There was recurrence of 4 patients with STR, and 6 of 22 patients with GTR also experienced recurrence (27.3%). The resection degree remarkably affected the prognosis of the high-grade LVMs (Fig. 2b). The risk of recurrence existed even when the GTR was performed. We recommended reoperation for cases with relapse, because the tumor is amenable to this procedure and the effect of radiotherapy is unknown. Previous literature reports state that IVMs mortality is about 4.0% (25 of 625 cases) [11]. In our study, three patients (11.5%) died during the follow-up period. The deaths were divided into two types. The first type died from clinical deterioration after surgery (case 13). The other type died from the progression of the disease itself (cases 3 and 10).

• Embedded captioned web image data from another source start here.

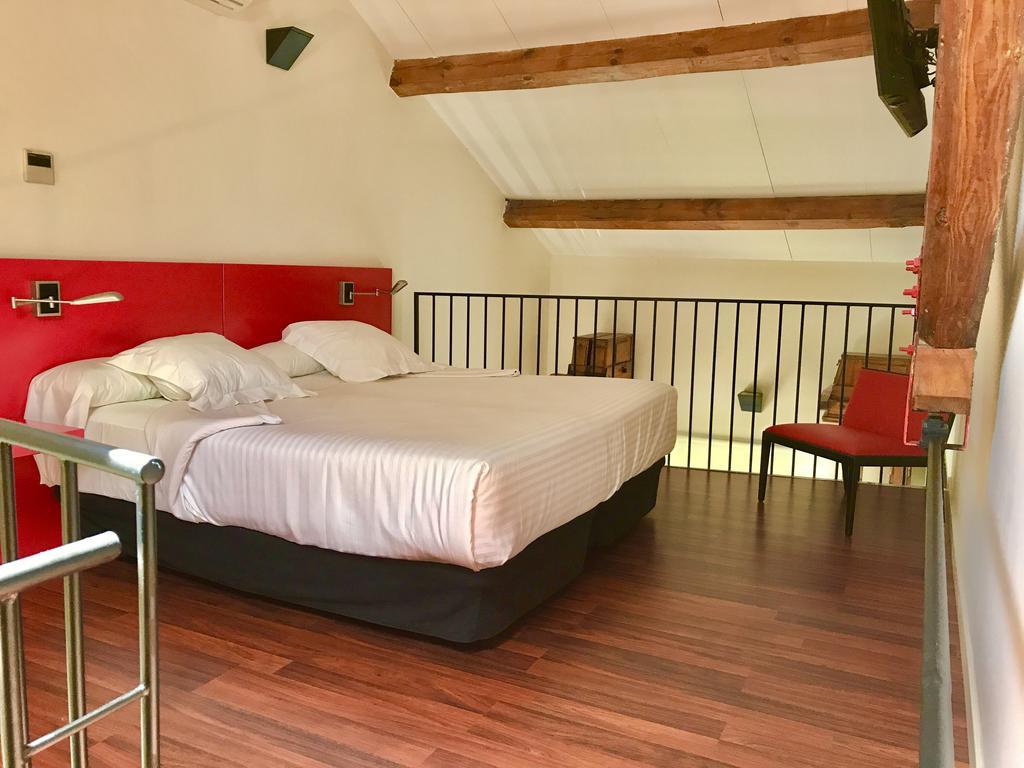 Hotel Tximista Estella Exteriör bild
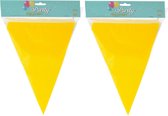 Party Vlaggenlijn - 2x - binnen/buiten - plastic - geel - 600 cm - 25 punt vlaggetjes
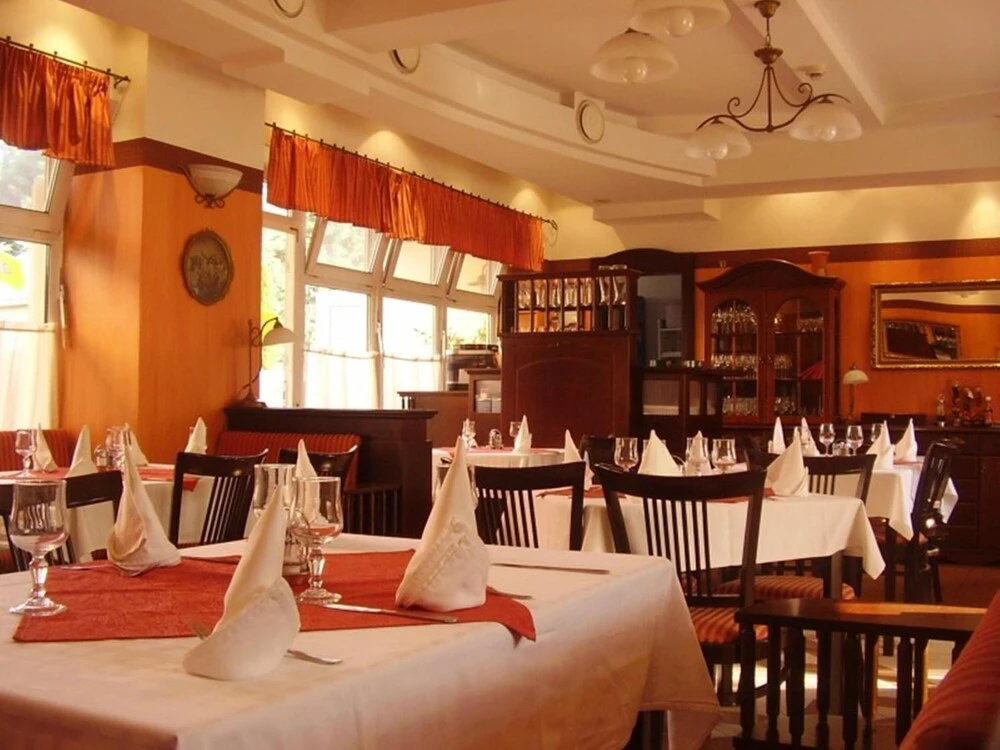 Tisza Alfa Hotel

High-grade LVMs are large by the time when they are detected. They present as increased intracranial pressure with no localizing features, so the diagnosis is based on both imaging findings and pathological features. The GTR is the standard treatment for LVMs, although patients with GTR are still likely to relapse. Postoperative radiotherapy seems to have little significance for the high-grade LVMs, and the regular head and the spinal MRI follow-ups are required regardless of the resection status. Reoperation is feasible for patients with recurrence.

Limitations

This study has several limitations. First, our research is a retrospective study, and the inherent bias is inevitable. Second, the number of WHO grade III is only 4 patients in our study, and there may be bias in statistical analysis. Third, more patients are needed to better understand the clinical and radiological features of this disease. Fourth, there could be a bias in the analysis of postoperative radiotherapy effects since some postoperative patients refused radiotherapy. Finally, longer clinical and imaging follow-up periods are necessary for high-grade LVMs to obtain a clearer prognosis.